Śledztwo w tej sprawie prowadzi Prokuratura Apelacyjna we Wrocławiu. Do tej pory zatrzymano już w sumie 21 osób.

Z dotychczasowych ustaleń wynika, że działalność grupy polegała m.in. na tworzeniu łańcuszków fikcyjnych firm, rejestrowanych na terenie Polski, Cypru, Niemiec, Czech, Słowacji, Litwy, Węgier i innych krajów. Zajmowały się one obrotem paliwami płynnymi, cukrem, katodami miedzianymi i walcówką miedzianą, a także samochodami - przy czym nie były odprowadzane żadne należności z tytułu opłat skarbowych - wyjaśnia rzecznik Centralnego Biura Śledczego Policji Katarzyna Balcer.
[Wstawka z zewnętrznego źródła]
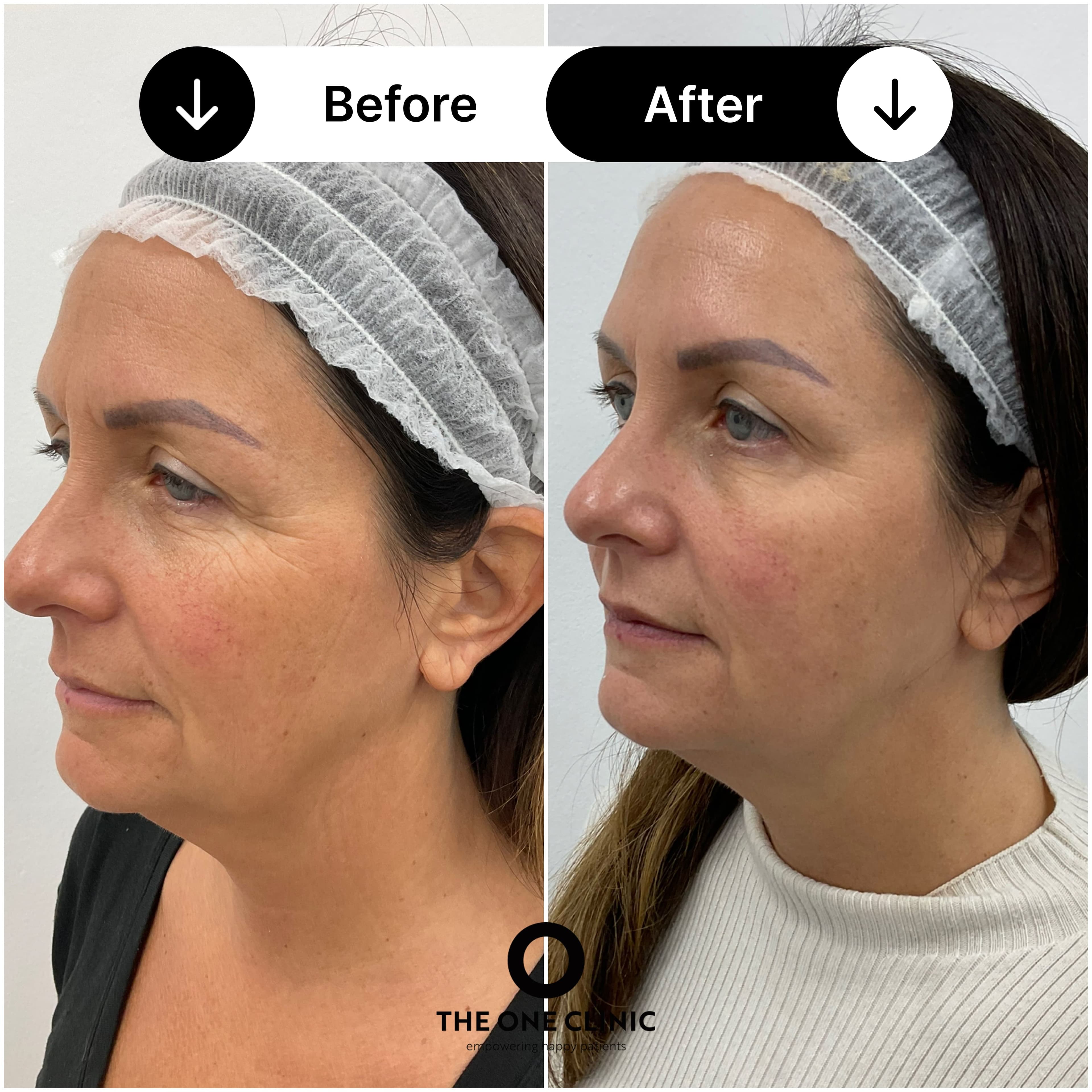 Endolift before and after result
Zyski były "prane" przy pomocy systemów bankowych i ostatecznie wypłacane w gotówce lub lokowane w bankach na Cyprze. Dzięki pracy śledczych, część z ustalonych rachunków została już zablokowana - dodaje Balcer.

Piątka zatrzymanych usłyszała zarzuty m.in. działania w zorganizowanej grupie przestępczej o charakterze zbrojnym oraz "prania brudnych pieniędzy" wspólnie i w porozumieniu z innymi osobami. Grozi im do 10 lat więzienia. Trzech mężczyzn zostało tymczasowo aresztowanych.

Wśród pięciu zatrzymanych jest pseudokibic wrocławskiego klubu piłkarskiego, u którego policjanci znaleźli m.in. narkotyki, maczetę oraz kominiarki - dodała Balcer.